Task:
Below is a listing to copy exactly; no image goes into the copy.
----
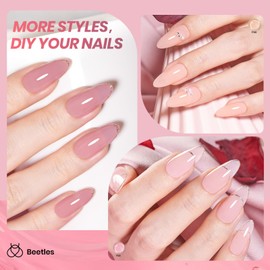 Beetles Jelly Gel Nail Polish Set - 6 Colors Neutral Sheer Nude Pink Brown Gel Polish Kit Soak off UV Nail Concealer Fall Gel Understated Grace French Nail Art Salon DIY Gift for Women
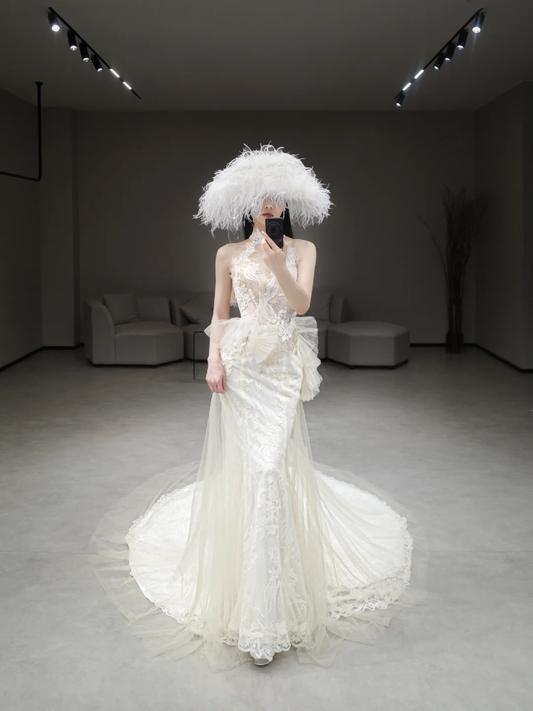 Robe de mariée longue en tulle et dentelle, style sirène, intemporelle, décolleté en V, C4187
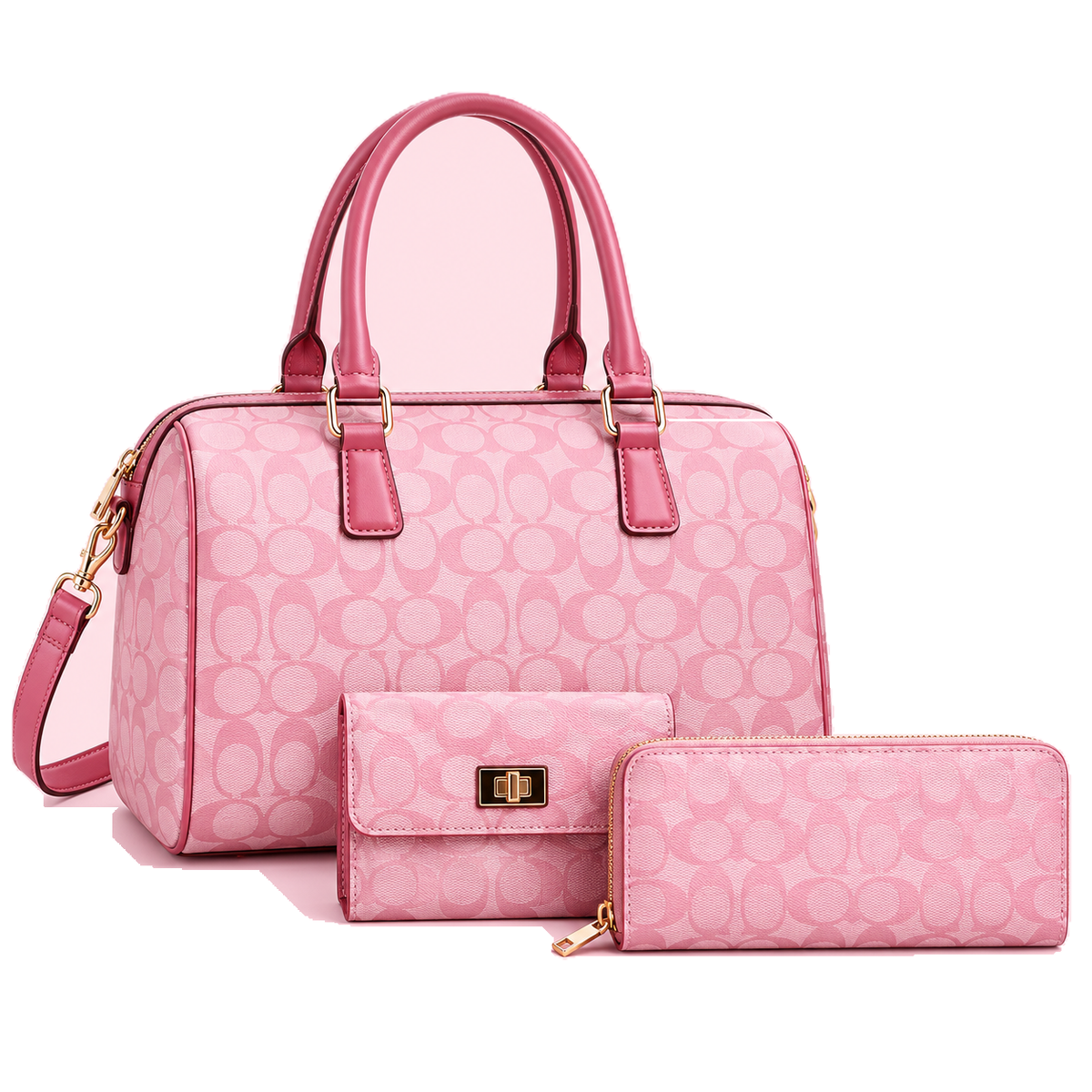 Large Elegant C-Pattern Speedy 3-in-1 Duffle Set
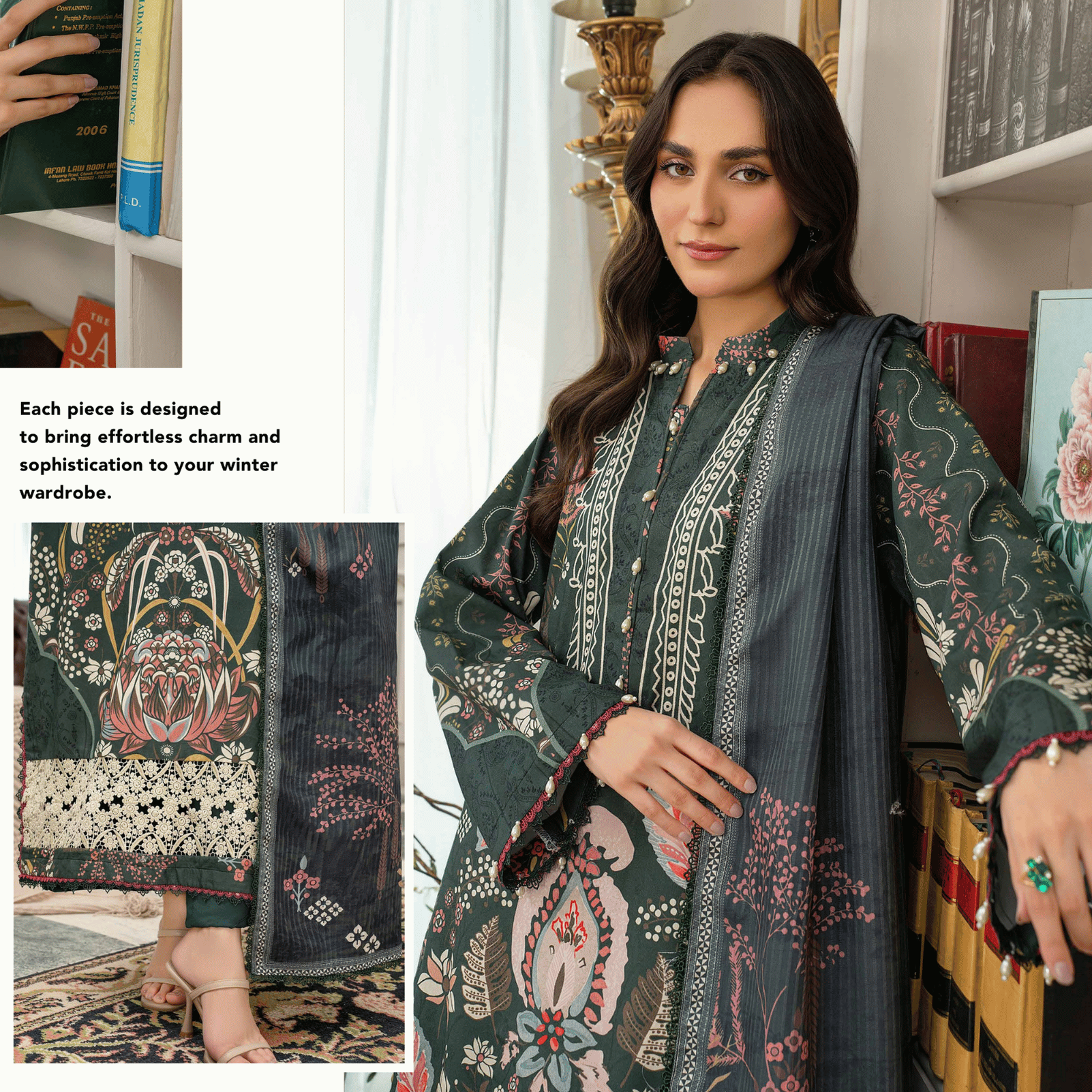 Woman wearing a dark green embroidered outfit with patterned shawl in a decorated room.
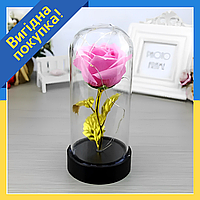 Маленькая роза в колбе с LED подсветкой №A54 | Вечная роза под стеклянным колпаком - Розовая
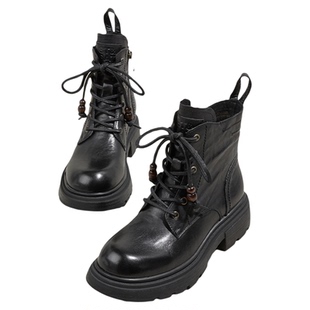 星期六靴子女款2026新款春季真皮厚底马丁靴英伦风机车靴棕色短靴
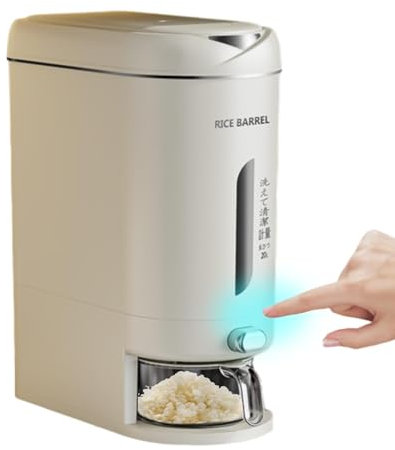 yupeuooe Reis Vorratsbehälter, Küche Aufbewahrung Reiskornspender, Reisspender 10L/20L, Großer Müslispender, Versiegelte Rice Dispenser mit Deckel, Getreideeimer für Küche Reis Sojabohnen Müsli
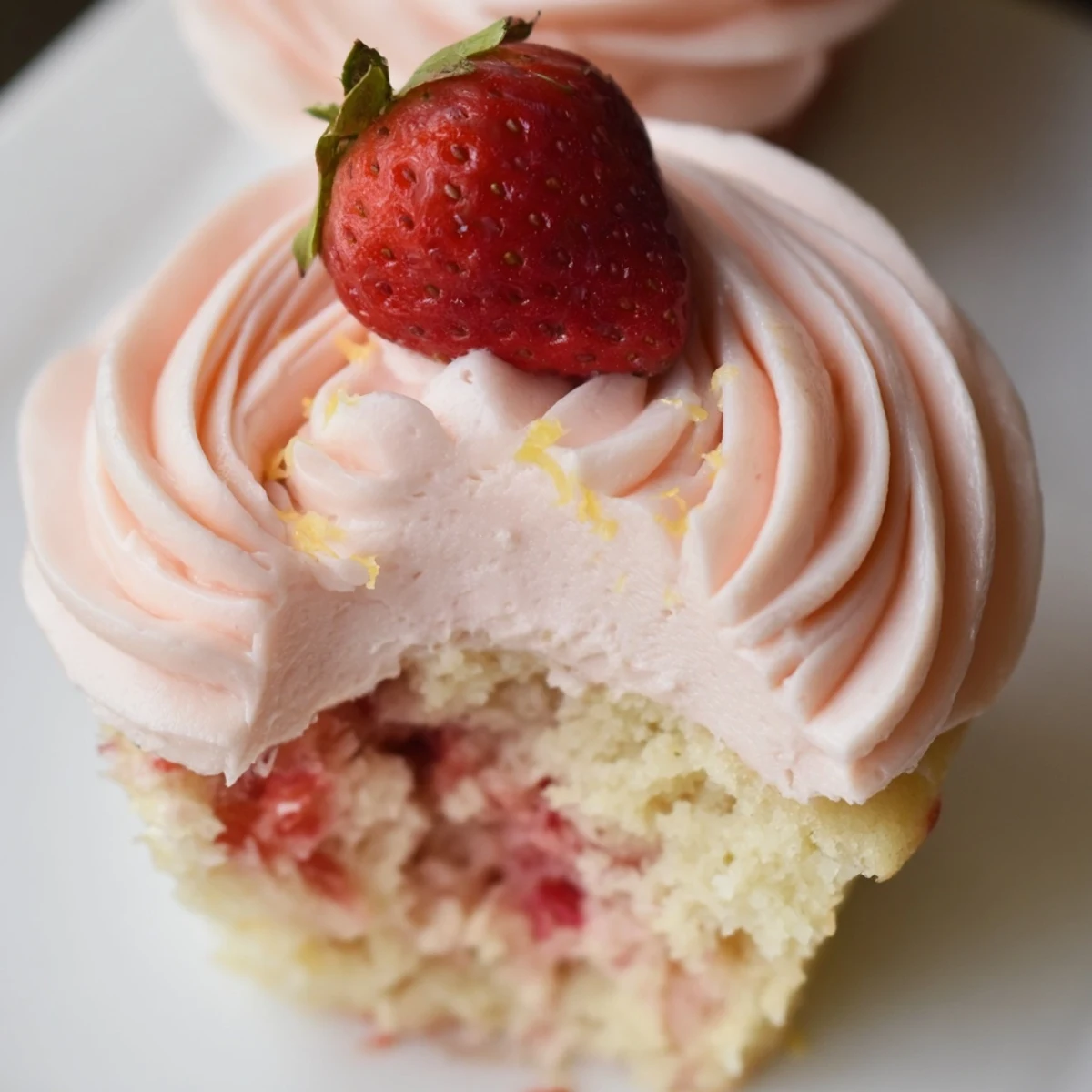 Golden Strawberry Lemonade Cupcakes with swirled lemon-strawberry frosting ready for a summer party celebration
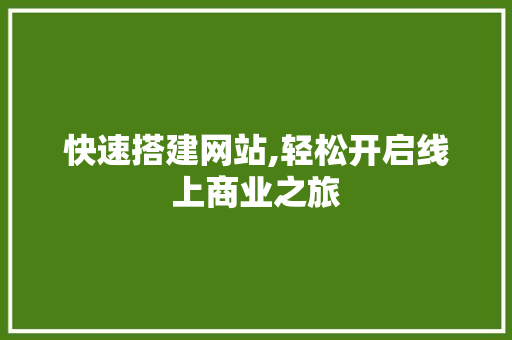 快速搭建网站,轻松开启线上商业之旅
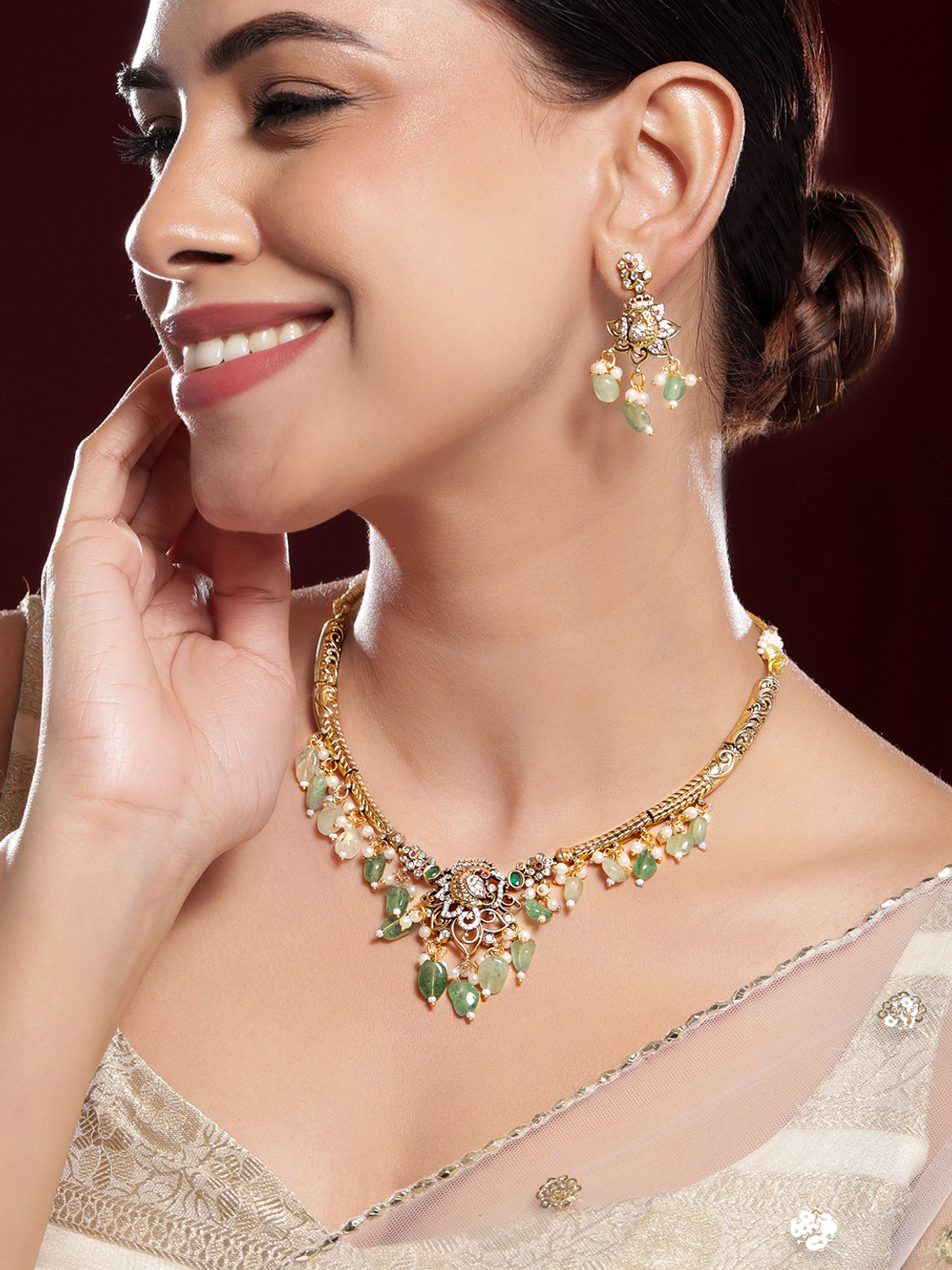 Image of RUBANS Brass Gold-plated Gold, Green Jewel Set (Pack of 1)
----
Problem solution:
 Beetles Jelly Gel Nail Polish Set - 6 Colors Neutral Sheer Nude Pink Brown Gel Polish Kit Soak off UV Nail Concealer Fall Gel Understated Grace French Nail Art Salon DIY Gift for Women
 Robe de mariée longue en tulle et dentelle, style sirène, intemporelle, décolleté en V, C4187
 Large Elegant C-Pattern Speedy 3-in-1 Duffle Set
 Woman wearing a dark green embroidered outfit with patterned shawl in a decorated room.
 Маленькая роза в колбе с LED подсветкой №A54 | Вечная роза под стеклянным колпаком - Розовая
 星期六靴子女款2026新款春季真皮厚底马丁靴英伦风机车靴棕色短靴
 yupeuooe Reis Vorratsbehälter, Küche Aufbewahrung Reiskornspender, Reisspender 10L/20L, Großer Müslispender, Versiegelte Rice Dispenser mit Deckel, Getreideeimer für Küche Reis Sojabohnen Müsli
 Golden Strawberry Lemonade Cupcakes with swirled lemon-strawberry frosting ready for a summer party celebration
 快速搭建网站,轻松开启线上商业之旅
 Image of RUBANS Brass Gold-plated Gold, Green Jewel Set (Pack of 1)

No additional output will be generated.